Ayrıca, Uhud mağlûbiyetinin Müslümanlar aleyhinde gerek içte ve gerekse dışta meydana getirdiği bir menfî hava vardı. Bu havanın da bir an evvel bertaraf edilmesi gerekiyordu. Müslümanların eski güç ve cesaretlerini korudukları, etrafa gösterilmeliydi.
Peygamber Efendimiz, Uhud'dan Medine'ye Cumartesi günü dönmüş idi. Pazar günü sabah namazını kıldırdıktan sonra Hz. Bilâl'i huzuruna çağırdı ve, "Resûlullah, düşmanınızı takib etmenizi size emrediyor! Dün, Uhud'da bizimle birlikte çarpışmada bulunmayanlar gelmeyeceklerdir. Sâdece, Uhud'a katılanlar geleceklerdir!" diye seslenmesini kendisine emretti.ıss
Sahabîlerin çoğu Uhud'dan yaralı dönmüşlerdi. Buna rağmen Resûlullah'in İ'lâyı Kelimetullah uğrunda çarpışmak için yaptığı davete icabet etmede asla tereddüt göstermediler.
Yaralı İki Kardeşte Cihad Aşkı
Abdû'lEşhel Oğullarından iki kardeş olan Abdullah ile Rafı b. Sehl, ağır yaralı idiler. Nebîyyi Ekrem Efendimizin bu davetini duyunca bir anda yaralarının ağrı sızısını sanki unutuverdiler ve "Ne yapıp da bu davete katılabiliriz?" diye düşünmeye başladılar. "Binecek bir bineğimiz bile yok! Yoksa Resûlullah'la gazaya çıkma fırsatını kaçıracak mıyız?" diyorlardı.
Abdullah, Rafi'e, "Haydi, gidelim" deyince, Rafi, "Vallahi, benim yürümeğe takatim yok!" diye cevap verdi.
Abdullah diretti:
"Haydi, gel! Olmazsa, bir hayvan kiralarız!"

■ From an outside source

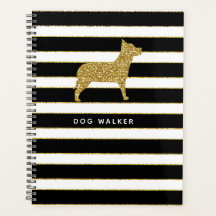 Dog Walker Planner Golden Stripes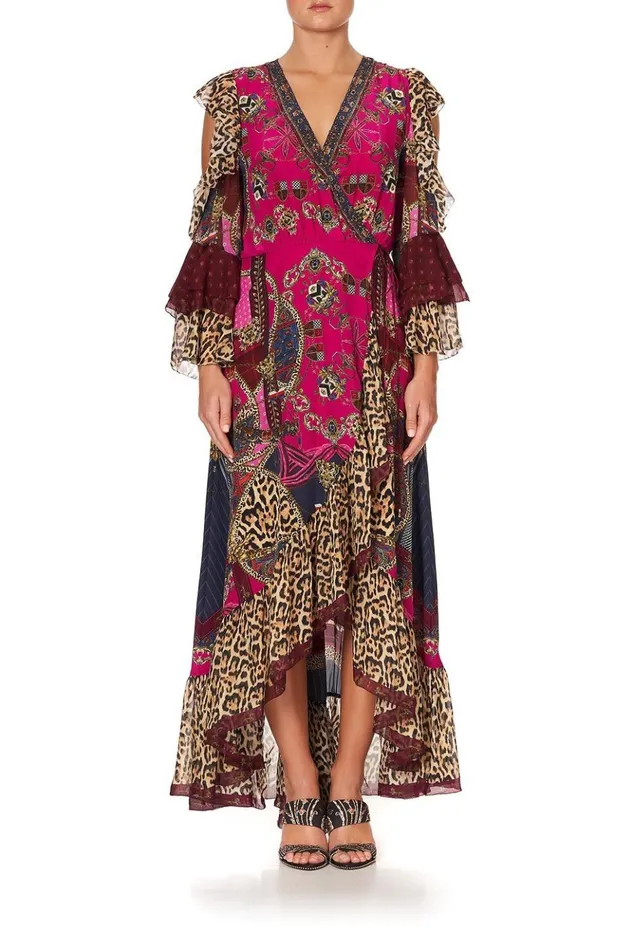 Women Wedding Guest Dresses Camilla Ruffle Sleeve Wrap Dress Dining Hall Darling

Sonunda yola çıktılar. Rafi takatten kesilince, Abdullah onu sırtlıyordu. Böylece mücâhidlere katıldılar.189
Ağır yaralılardan biri de, Üseyyid b. Hudayr adındaki sahabîydi. Yedi ağır yarası vardı. Onların tedavisiyle meşgul olmak istiyordu. Fakat, Resûli Ekrem'in emrini duyunca, yaralarının tedavisini bir tarafa bırakarak mücâhidlere katıldı.
Medine 'den Ayrılış
Resûli Ekrem Efendimiz de bizzat yaralı idi. Yüzünde iki halka yarası vardı; alnı yarılmıştı; azı dişi kırılmış, dudağı yarılmıştı; sağ omuzu yaralanmıştı. Bu haliyle sefere çıkıyordu. Mescide girip iki rekât namaz kıldı. Sonra da zırhlı gömleğini giydi ve miğferini başına geçirdi. Gözlerinden başka yeri görünmüyordu. Bu haliyle ordusunun başına geçti. Sancağı Hz. Ali'ye verdi, yerine de Abdullah b. Ümmî Mektum'u vekil bırakarak Medine'den ayrıldı.
Keşif Kolu
Peygamber Efendimiz önden üç kişilik bir keşif kolu gönderdi. Biri yorulup yolda kaldı. Kureyşliler, diğer iki gözcüyü fark ettiler ve fırsat kollayarak onları yakalayıp şehid ettiler.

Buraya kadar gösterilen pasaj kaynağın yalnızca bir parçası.